OpenID SplitIf a single theme emerged from the recent OpenID usability summit hosted by Facebook (to which I was not invited), it is that ‘Brands’ are the key to OpenID success. Users, more than anything else, identified themselves with brands such as Yahoo!, Facebook, and MySpace, and when presented with a federated login dialog, found the logos of these providers to be the most intuitive way to login. This is the driving force behind Facebook Connect adoption.

The key to brand-driven login, of course, is Directed Identity. It’s the feature of OpenID in which the user does not enter his OpenID URI, but instead, tells the site who he would like to login with (the provider’s identifier, not the user’s). Yahoo! was the first major supporter of Directed Identity and it is the primary feature of its OpenID service.

See where I am going with this?

If Directed Identity is the technology, and Brand-recognition the philosophy to move OpenID forward, isn’t that equal to declaring bankruptcy to the vision of self-controlled and hosted identity? Microsoft, Google, Yahoo!, and Facebook don’t need a community. They can meet in a room and decide how they want to inter-operate. Technically, they don’t even need to inter-operate because developers can just drop 4 libraries into their sites that will do all the heavy lifting for them (Facebook-style).

Is OpenID becoming noting more than a fig-leaf for big corporations, protecting them from anti-trust, and making their locked-in products look Open?



  1. I’m not sure why you’re making a deal out of being “not invited”; over forty people were there in person and two-hundred people on the live video stream. Not a single person who requested to come was turned away.
    One of the most significant and concrete pieces of work coming out of the summit is the proposed OpenID User Interface Working Group (http://openid.pbwiki.com/OpenID-User-Interface-Work-Group-Proposal) which can be implemented by any OpenID Relying Party and Provider, big or small.
    I will agree that more mainstream consumers are finding it easier to interact with OpenID via brands like Google, MySpace or Yahoo!, but not one person at the summit advocated for removing or hiding the ability for someone to use their own OpenID to sign in.
    So no, you’re wrong. :)

  2. The comment about not being invited was a tongue-in-cheek comment.
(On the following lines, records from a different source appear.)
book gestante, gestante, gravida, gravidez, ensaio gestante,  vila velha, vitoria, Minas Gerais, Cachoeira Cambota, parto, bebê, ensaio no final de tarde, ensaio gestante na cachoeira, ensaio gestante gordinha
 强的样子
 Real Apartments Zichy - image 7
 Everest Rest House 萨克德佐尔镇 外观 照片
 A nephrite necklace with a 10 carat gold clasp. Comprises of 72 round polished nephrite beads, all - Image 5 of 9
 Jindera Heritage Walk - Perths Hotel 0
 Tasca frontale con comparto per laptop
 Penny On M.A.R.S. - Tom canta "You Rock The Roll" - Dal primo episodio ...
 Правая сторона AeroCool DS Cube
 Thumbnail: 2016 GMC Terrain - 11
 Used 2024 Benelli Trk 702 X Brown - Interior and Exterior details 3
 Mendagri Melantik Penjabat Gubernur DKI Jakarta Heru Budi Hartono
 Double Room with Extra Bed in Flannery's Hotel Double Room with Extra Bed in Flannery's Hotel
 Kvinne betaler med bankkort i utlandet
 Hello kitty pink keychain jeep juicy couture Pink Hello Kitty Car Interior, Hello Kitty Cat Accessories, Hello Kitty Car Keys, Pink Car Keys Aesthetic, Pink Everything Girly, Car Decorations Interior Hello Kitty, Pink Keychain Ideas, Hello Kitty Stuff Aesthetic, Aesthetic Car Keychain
I heard Facebook was doing some sort of a closed event about two weeks earlier and the next time I read about it was on Twitter during the event. No big deal.
    I am very skeptical of a standard organization (which is what OpenID foundation is) trying to do UI work. But I will wait and see what comes out of it.
    I don’t know what came out of the event, but I read the presentation so my view is limited to what went in. I think it is naive to think that just because there is a way to use your own OpenID somewhere, the presence of large brand names will not eventually move OpenID is a different direction.
    Using brands isn’t innovative, it is more of the same.

  3. An OpenID sign in interface needs to show me the appropriate brands depending on who I am and what I’m trying to do. For me that means seeing OpenID big and prominently since I use my own URL, but for my Mom that means emphasizing the Google logo since that is her main account online.